Last year, I commemorated Columbus Day at work by printing out a picture of the man, taping it to the computer monitors on the counter, and writing the phrase "psychopath" in big, red letters underneath. For the most part, it was a largely-ignored gesture, but there were a few people throughout the day who commented on it. A couple of people laughed and talked about it. A few others grumbled or found it offensive.

While the workplace may not be the best place to make such a statement, I did believe it to be one worth making. Though there are efforts to create distance between ourselves and the myth of Christopher Columbus (much of what we learn about him is a half-truth or bald-faced lie), the fact remains that Columbus Day is still a federally-recognized holiday observed on the second Monday in October.

Every. Single. Year.

But my small-time effort to confront the general public with this didn't stem solely from the misinformation surrounding Christopher Columbus. It's largely a point on the current state of affairs between the United States government and the remaining indigenous population in the United States.

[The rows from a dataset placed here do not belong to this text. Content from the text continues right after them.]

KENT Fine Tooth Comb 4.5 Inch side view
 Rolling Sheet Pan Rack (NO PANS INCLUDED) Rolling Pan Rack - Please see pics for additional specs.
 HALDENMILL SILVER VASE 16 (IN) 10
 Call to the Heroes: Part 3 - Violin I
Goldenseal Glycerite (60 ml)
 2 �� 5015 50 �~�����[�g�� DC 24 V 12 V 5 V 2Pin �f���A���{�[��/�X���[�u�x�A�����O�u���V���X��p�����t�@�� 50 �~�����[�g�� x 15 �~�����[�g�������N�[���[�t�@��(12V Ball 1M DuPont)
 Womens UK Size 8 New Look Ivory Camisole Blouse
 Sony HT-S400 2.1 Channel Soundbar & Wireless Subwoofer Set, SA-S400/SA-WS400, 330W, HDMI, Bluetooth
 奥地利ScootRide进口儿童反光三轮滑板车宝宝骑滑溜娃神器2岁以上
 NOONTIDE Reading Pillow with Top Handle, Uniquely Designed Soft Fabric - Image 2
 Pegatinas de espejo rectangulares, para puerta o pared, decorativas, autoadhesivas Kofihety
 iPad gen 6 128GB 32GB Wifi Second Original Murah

The U.S. Government bears the responsibility of managing the affairs of the country's indigenous population, and in the one-hundred and eighty-plus years since Chief Justice John Marshall referred to the relationship between indigenous peoples and the U.S. government as that of "a ward to his guardian," Washington has been a largely neglectful, and at times abusive, one.

If you travel out west, particularly in New Mexico, that relationship is unapologetically on display. Reservations are full of disillusionment, substance abuse, and destitution, with poverty rates more than double the national rate and extreme poverty rates at around six times the national rate. Employment opportunities are rare, if they exist at all. Schooling and education is either wholly inadequate, treated with extreme skepticism, or simply doesn't exist. These factors are what prompted sociologist Gary Sandefur to call reservations the nation's "first underclass areas."

Resources that could be utilized to bring some relief to the stymied economies on reservation lands are tied up in confusing, twisted Federal bureaucracies while the U.S. government, simultaneously, tramples on indigenous culture in its own economic pursuits (such as the ongoing dispute between the Sioux and Washington over the Black Hills).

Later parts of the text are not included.